Stroke is one of the biggest threats to health in Germany. Every year, it affects around 270,000 people. The circulatory disorder of the brain usually occurs when a vessel in the head is narrowed or closed. Rarer is a brain haemorrhage behind it. For those affected, the consequences are often dramatic. No other event is responsible for so many cases of disability. The acute treatment of stroke has made progress in recent years. Even more important is the prevention.

“The studies clearly show that many risk factors can be well influenced by the individual lifestyle,” says Professor Bernhard Krämer, CEO of the German Society for Hypertension and Prevention. Which factors are, researchers examined the data from more than 13 000 stroke patients from 32 countries. Result of this so-called interstroke analysis: Nine out of ten attacks are directly or indirectly related to the lifestyle. Most would be avoidable.

Prevention clarifies the risk factors of a stroke

Number one in the risk ranking is hypertension. The affected person is not always aware of this. Expert Krämer explains to patients that hypertension can damage the blood vessels throughout the body – including those in the brain. However, if you go against him, the stroke risk drops. “Ideally, patients with exercise, weight reduction and a low-salt diet can bring about a significant improvement,” says Krämer. However, antihypertensive drugs are also often included.

When developing a stroke, various risk factors are closely linked. Lack of exercise, for example, also contributes to obesity. Both in turn promote diabetes and bad lipid levels – further risk factors for an attack. These connections are also in the Aschauer prevention project. Scientist Böhm works closely with a local pharmacy. “We advise people who have cardiovascular diseases here every day, so a healthy lifestyle and preventive care are very important to us,” says pharmacist Claudia Zangerl.

Together with Böhm, she organized two action days around the topic of cardiovascular health. Most of the study participants were found. “The willingness to talk about one’s own health is very high in the pharmacy, which is why prevention is in good hands there,” explains Böhm. Four times over the course of one and a half years, study participants are examined and their blood pressure is measured. Everyone gets an activity tracker that counts every step and monitors the heart rate. At least 10,000 steps a day, the subjects should go. Whether the values ​​can be lowered – as hoped – will be demonstrated in the coming year.

These measures reduce the risk of stroke
    • Lower your blood pressure, For experts the most important step. Good values can reduce the risk by up to 40 percent.
    • Stop smoking, Every fifth attack could be avoided if patients overcome their nicotine addiction.
    • Eat healthy and balanced, Lots of vegetables, fruits and fish, little salt – that protects the vessels. Another tip: drink little or no alcohol
    • Move enough, This benefits the cardiovascular system. In addition, the risk of hypertension, obesity and metabolic diseases decreases.
Risk factor atrial fibrillation: Listen to the heartbeat

But not all risk factors are as effective as hypertension.

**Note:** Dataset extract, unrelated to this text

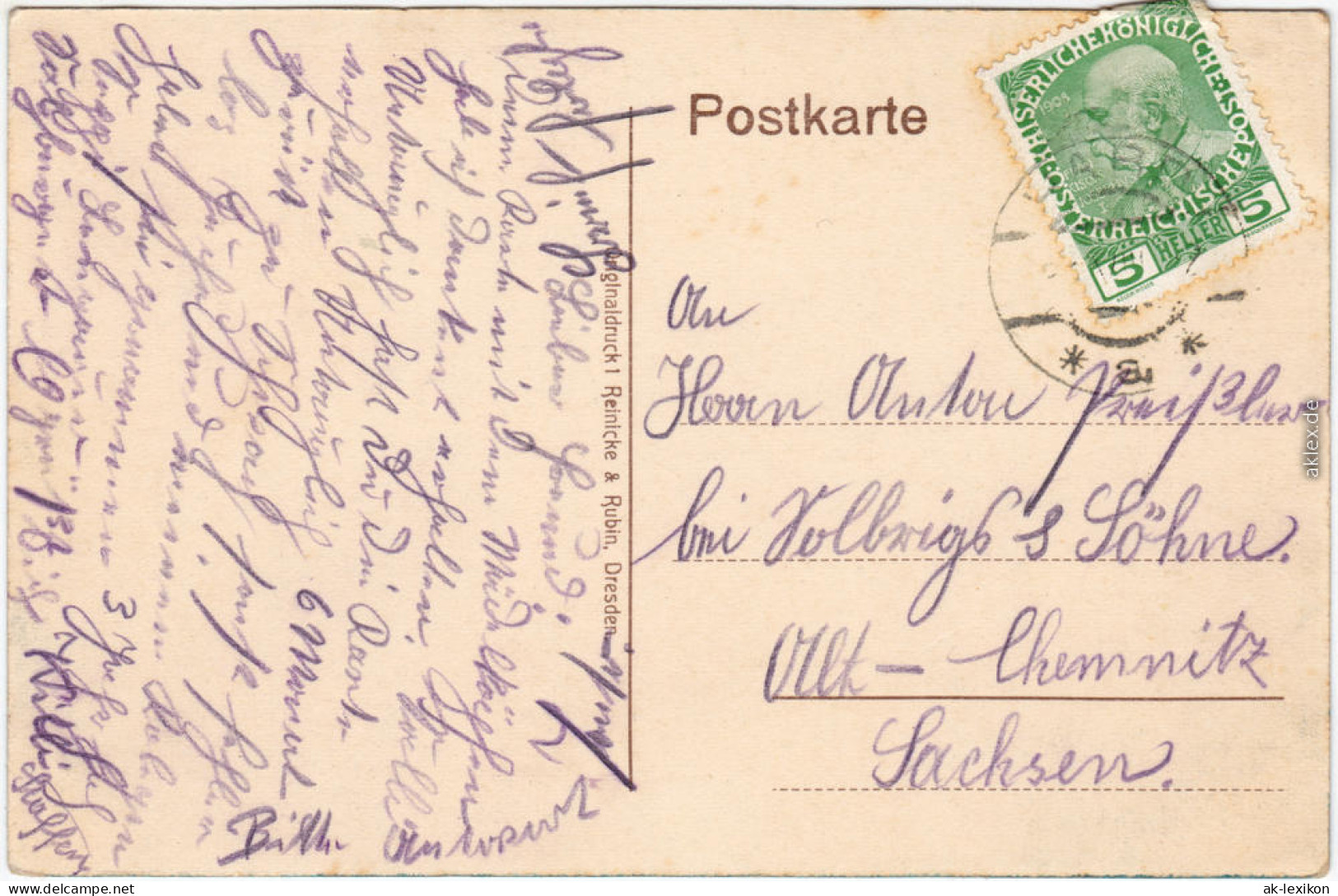 Bregenz Dampfer - Hafen Einfahrt Colorierte Ansichtskarte Vorarlberg  1912 - Sonstige & Ohne Zuordnung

For example, atrial fibrillation also increases the risk. However, this widespread cardiac arrhythmia is often not discovered. “Cardiologists often do not see such patients until they have the first stroke,” says Dr. Philipp Sommer from the Heart Center Leipzig. When atrial fibrillation, the heart gets out of rhythm, it beats rhythmically and often clearly too fast. About 15 percent of all attacks are caused by it.

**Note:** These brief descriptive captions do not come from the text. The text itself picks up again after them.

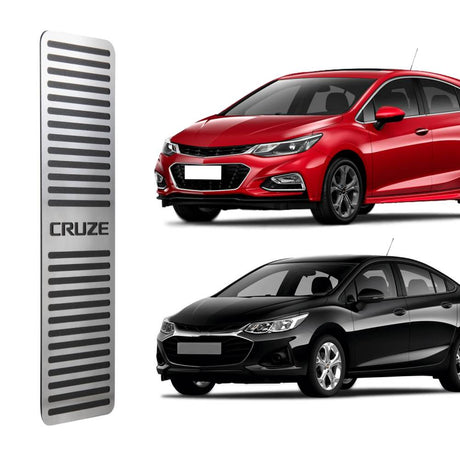 Descanso de pé em aço inox Chevrolet  Cruze
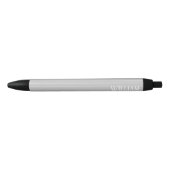 Stylo Noir Écrans gris clair personnalisés (Devant)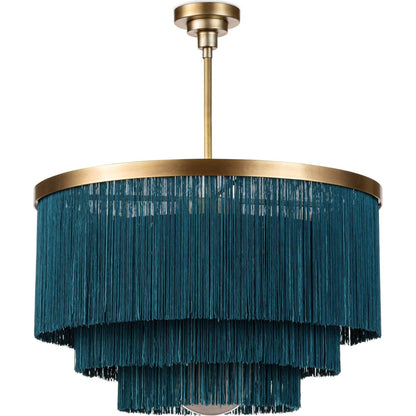 Cabaret Fringe Chandelier by Regina Andrew. Made from unique in a modern style.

“Due to the irregular pumping activity, blood clots form in the heart, which in turn can block vessels in the brain,” explains expert Sommer. For a previous diagnosis, it would be important for people over 65 to “listen to their heart” more often. Because many sufferers feel the atrial fibrillation as a somewhat irregular, faster heartbeat. “You can then feel the pulse on your wrist and have any irregularities clarified,” explains Sommer. Sphygmomanometers also sometimes help to detect rhythm problems. “If the arrhythmia detection signal shines more often, you should take it seriously and go to the doctor,” says the cardiologist.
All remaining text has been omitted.